ReAgent is a small C++ library available for download on GitHub designed to be embedded in any application. The toolkit comes with a set of decision-making AI models to get started, an offline module for model performance assessment, and a platform to deploy AI into production using the TorchScript library in PyTorch.

Horizon, a reinforcement learning platform for deployment of large-scale models in production open-sourced by Facebook in November 2018, is now part of ReAgent.

ReAgent is currently being used to personalize billions of decisions a day at Facebook, like user notifications for Facebook and Instagram, head of applied research Srinivas Narayanan said today at Facebook’s @Scale conference. It’s also used in its robotics research on how to teach machines to walk.

“It’s the most comprehensive and modular open source platform for creating AI-based reasoning systems, and it’s the first to include policy evaluation that incorporates offline feedback to improve models,” Facebook said in a blog post. “By making it easier to build models that make decisions in real time and at scale, ReAgent democratizes both the creation and evaluation of policies in research projects as well as production applications.”
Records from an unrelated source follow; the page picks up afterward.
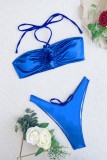 Trajes de baño sin espalda de vendaje sólido sexy azul (con rellenos)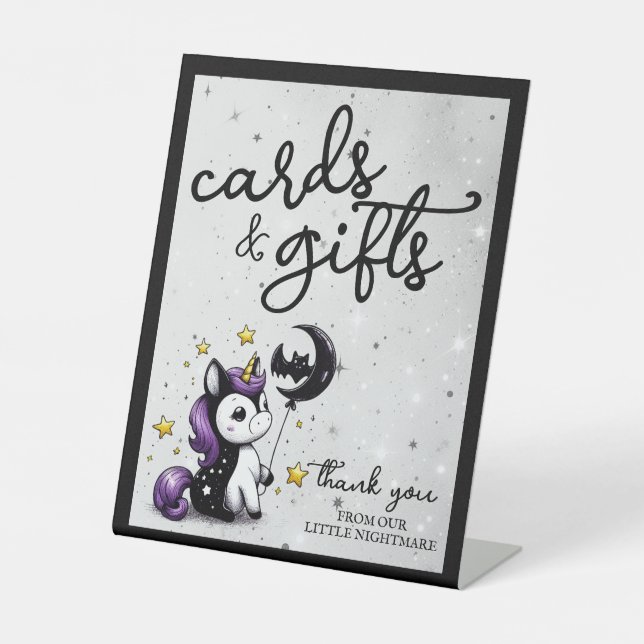 Little Unicorn Baby Shower Cards & Gifts Pedestal Sign (Front)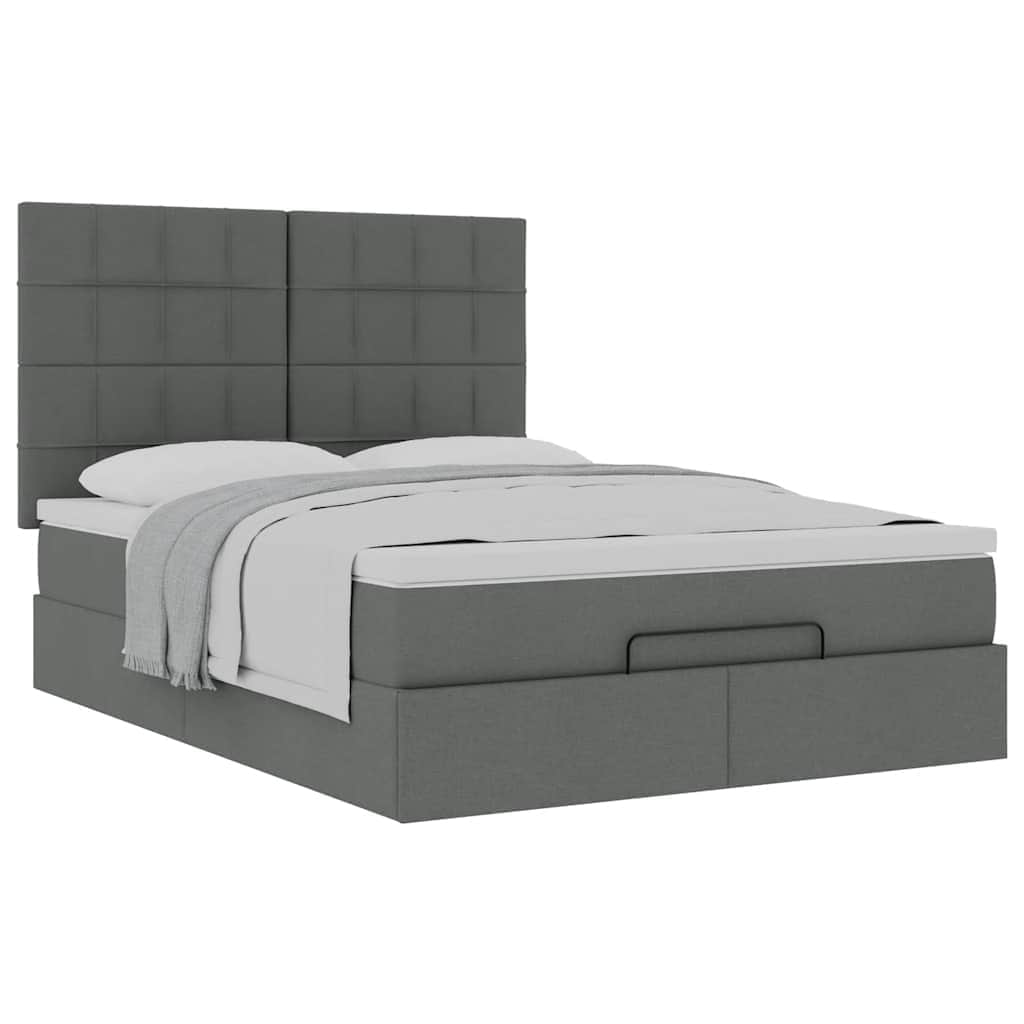 Ottoman Bed with Mattress Dark Grey - Queen Fabric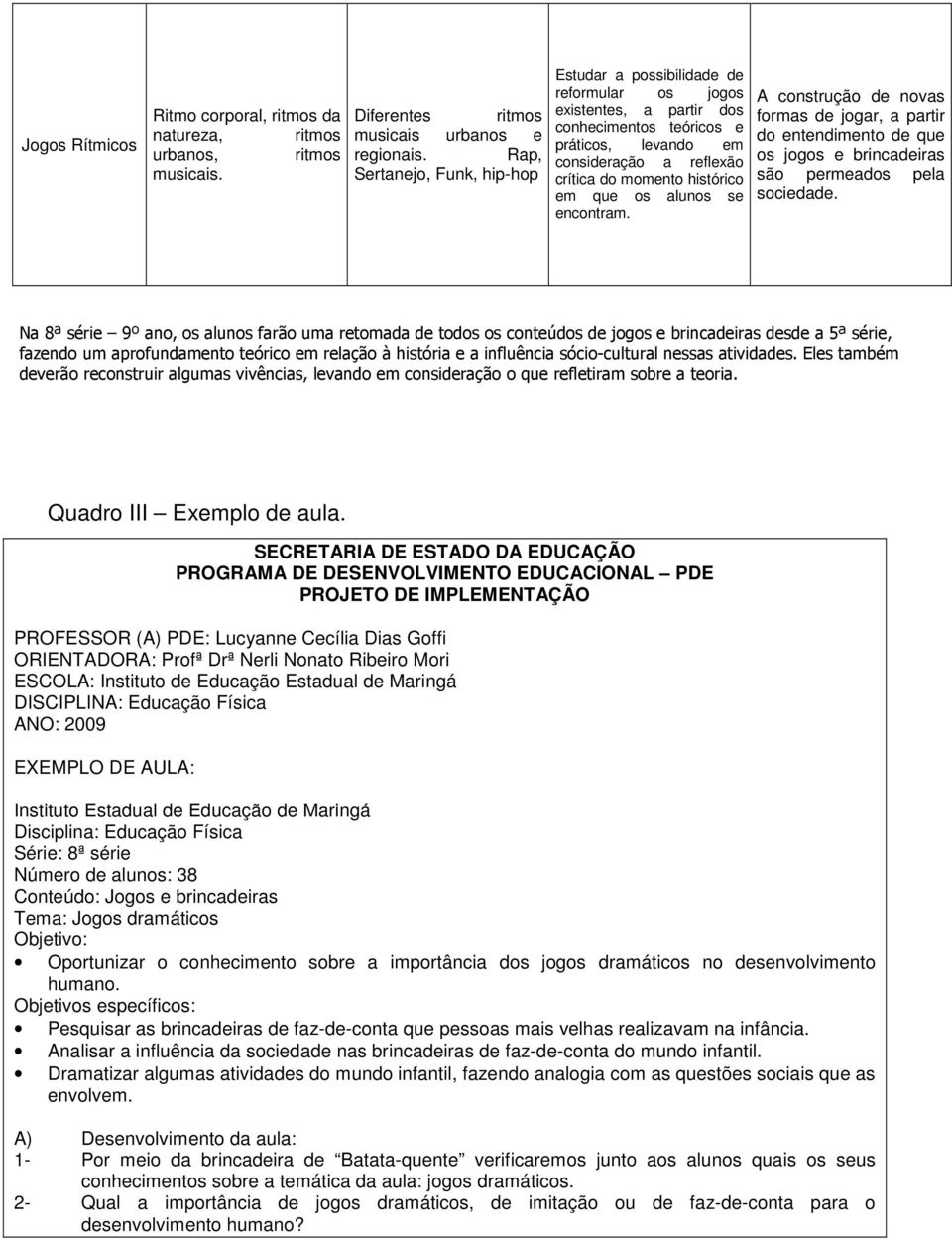 histórico em que os alunos se encontram. A construção de novas formas de jogar, a partir do entendimento de que os jogos e brincadeiras são permeados pela sociedade.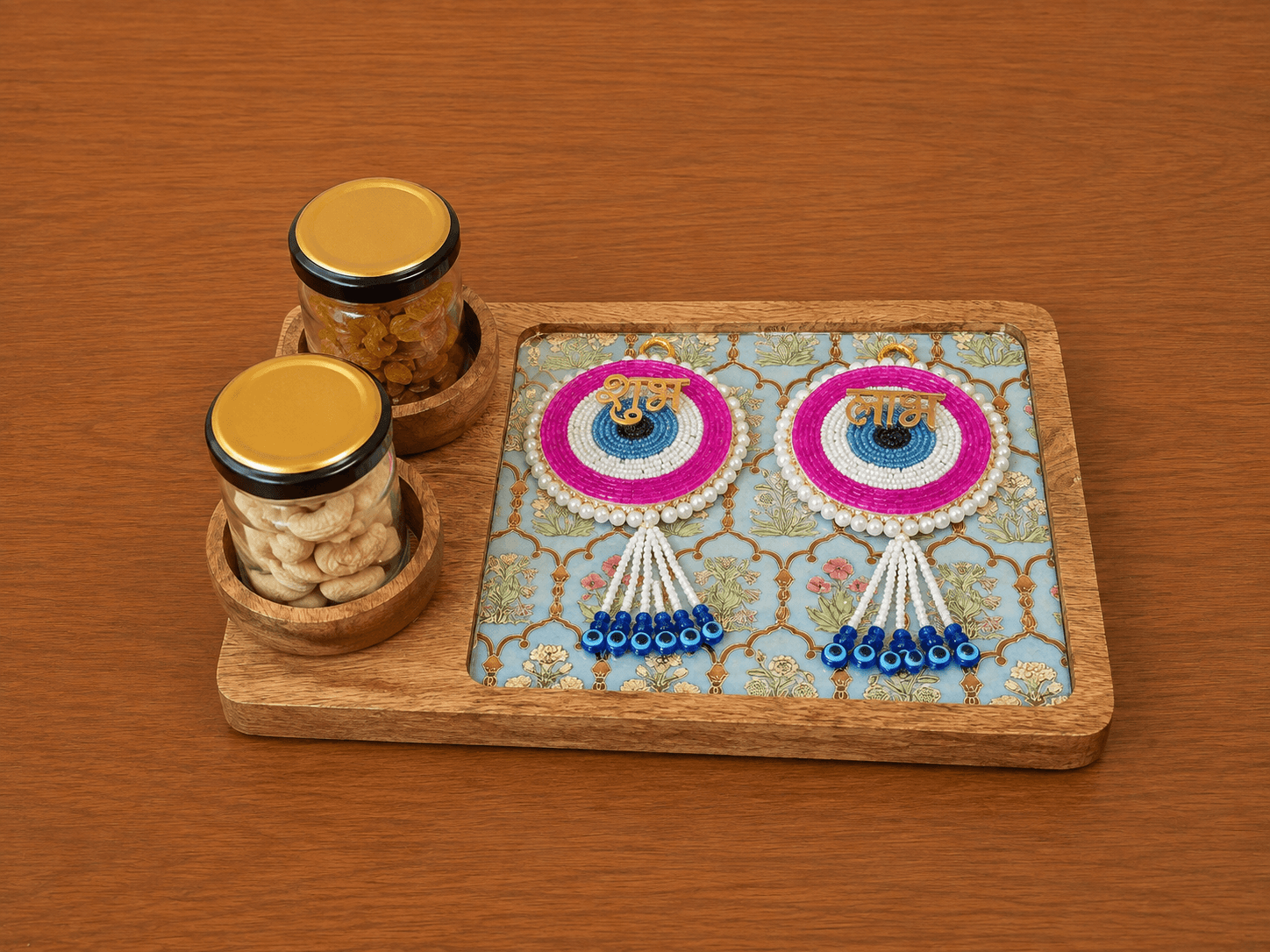 Platter with 2 bowls + Shubh Labh + Dry Fruits 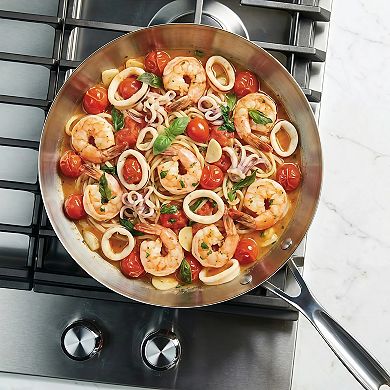 Brushed Stainless Steel Induction Frying Pan, Metal Utensil and Dishwasher Safe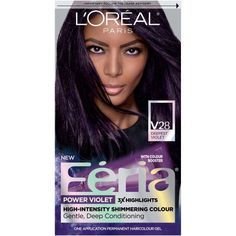 L'Oreal Paris Feria Multi-Faceted Shimmering Color, Blue Purple Black Hair Dye, Feria Hair Color, Purple Black Hair, Dark Purple Hair Color, Blue Black Hair Color, Violet Hair Colors, Edgy Hair Color, Dark Purple Hair, Blue Black Hair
To continue to improve ReAgent, Facebook released documentation on how to deploy to cloud services like Microsoft’s Azure. Microsoft’s Azure Cognitive Services launched its own reinforcement learning service earlier this year.

The news comes a week after Facebook’s PyTorch Developer Conference, where the company introduced Captum, a tool for explainability for machine learning.

In a conversation at VentureBeat’s Transform conference this summer, OpenAI CTO Greg Brockman and chief scientist Ilya Sutskever argued that reasoning and explainability should be core to future AI models.